The CAG in its report has asked the Oil Ministry to re-examine decision to allow Reliance Industries to keep entire KG-D6 block. It has also called for an exhaustively review of 10 contracts, including 8 awarded to Aker Group, by Reliance for developing KG-D6 finds.
According to the CAG report, RIL did not abandon 25% Of Total Contract Area and violated Production Sharing Pact on KG D6.
The CAG report also slammed the Directorate General Hydrocarbons (DGH) for having failed To Pursue Technical Aspects of KG DWL Block. DGH should have stopped RIL from proceeding on D6 Phase 2, the CAG report said.
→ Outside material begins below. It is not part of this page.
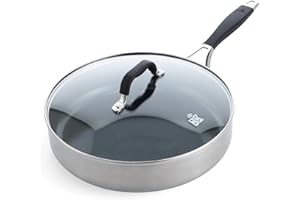BK Intelligence Sauteuse de 28 cm/3,6 L en Acier Inoxydable avec Revêtement Antiadhésif en Céramique sans PFAS, Induction, Poignée Rester Froid, Va au lave-vaisselle, Va au four, Argent & Noir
CAG had alleged that RIL had revised the costs of developing the field by over $6 billion. Operators like Reliance are allowed to recover all capital costs incurred in developing a field from revenues earned from the sale of oil or gas before profits are split between the stakeholders, including the government. Thus, an increase in capital expenditure badly affects the government’s profitability.
The final report also includes some of the responses by RIL against CAG allegations. Replying to the draft audit report in July, Reliance said that “The CAG has set a benchmark for the lowest project costs across the world.”
RIL further claimed that the development cost in KG-D6 gas field was much less than what Gujarat government company GSPC and state-owned ONGC were spending on projects in the environs of its KG basin find.